Surah at-Takwir 81 ~ Tafsir Sayyid Quthb (2/4)

Dari Buku:
Tafsīr fi Zhilāl-il-Qur’ān
Oleh: Sayyid Quthb
 
Penerbit: Gema Insani

Rangkaian Pos: Surah at-Takwir 81 ~ Tafsir Sayyid Quthb

Maksud bintang-bintang berjatuhan itu mungkin ia berpelantingan dan lepas dari sistem yang mengikatnya, cahayanya padam, dan menjadi gelap gulita. Allah yang lebih mengetahui bintang apa yang terkena peristiwa ini.
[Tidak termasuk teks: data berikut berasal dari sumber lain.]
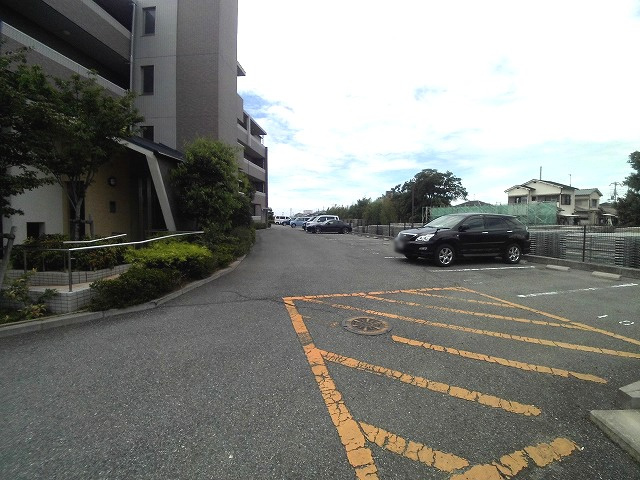 ボヌール有瀬の駐車場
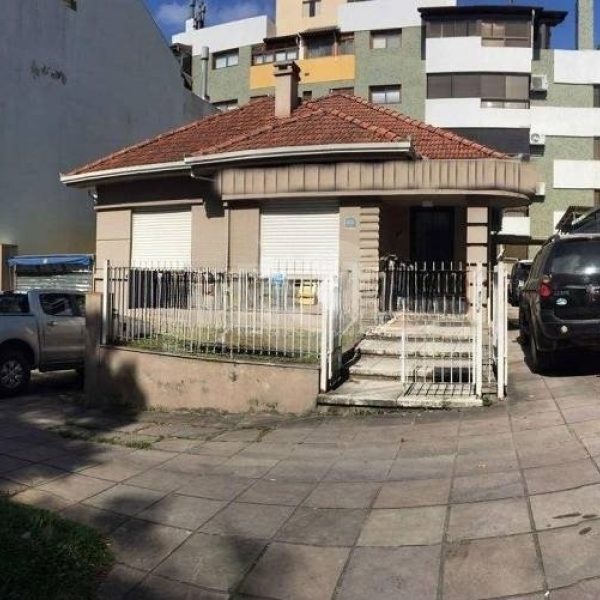 Casa à venda com 144m², 2 quartos, 1 suíte, 4 vagas no bairro Petrópolis em Porto Alegre - Foto 1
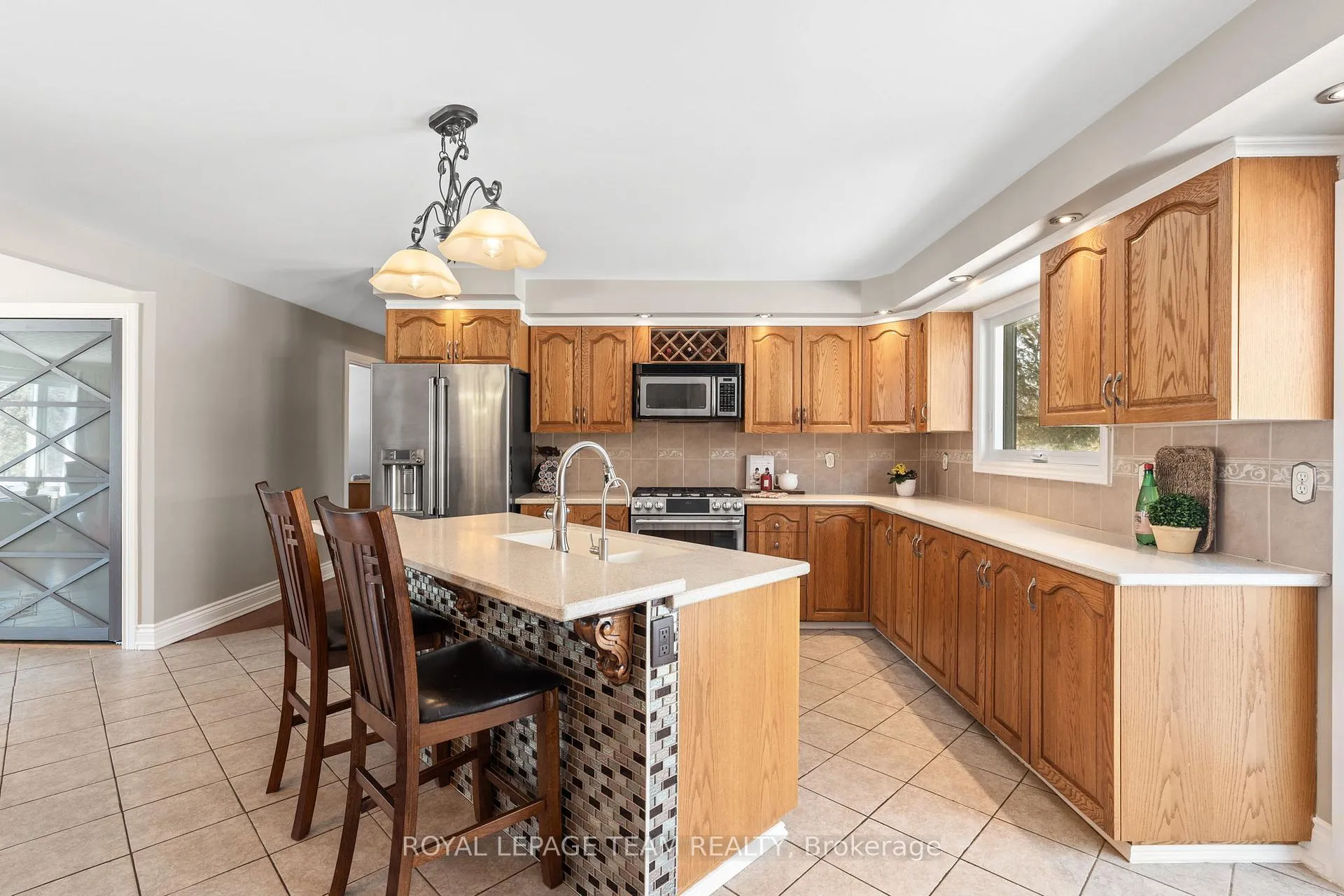 Photo 13 of 1501 Mayrene Crescent, Ottawa, Greely — HOMEH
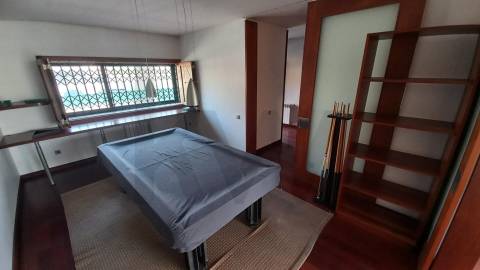 Moradia T5 de luxo c/piscina e jardim discreto, com linhas modernas, num terreno com quase 1.000m2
Apakah gugusan bintang yang dekat dengan kita, seperti tata surga kita, atau galaksi Bima Sakti yang terdiri dari beratus-ratus juta bintang, ataukah semua bintang yang tidak ada yang mengetahui jumlah dan letaknya kecuali Allah?

Pasalnya, di belakang kita masih terdapat banyak galaksi dan ruang hampa yang tidak kita ketahui hitungan dan kesudahannya. Maka, kelak akan ada bintang-bintang (atau semua bintang) yang berjatuhan atau pudar cahayanya sebagaimana diinformasikan dalam infromasi yang benar dan tidak ada yang mengetahui hakikatnya kecuali Allah.

 

Dihancurkannya gunung-gunung itu mungkin maksudnya adalah dihancurkan dan dihamburkannya ke udara, sebagaimana disebutkan dalam surah lain:

Mereka bertanya kepadamu tentang gunung-gunung, maka katakanlah: “Tuhanku akan menghancurkannya (pada hari kiamat) sehancur-hancurnya.” (Thāhā: 105).

Gunung-gunung dihancurkan sehancur-hancurnya.” (al-Wāqi‘ah: 5).

Dijalankanlah gunung-gunung, maka menjadi fatamorganalah ia.” (an-Naba’: 20).

Semua itu mengisyāratkan bahwa peristiwa seperti ini akan terjadi pada gunung-gunung, maka gunung-gunung yang kokoh kuat dan teguh tersebut akan tercerabut dan musnah.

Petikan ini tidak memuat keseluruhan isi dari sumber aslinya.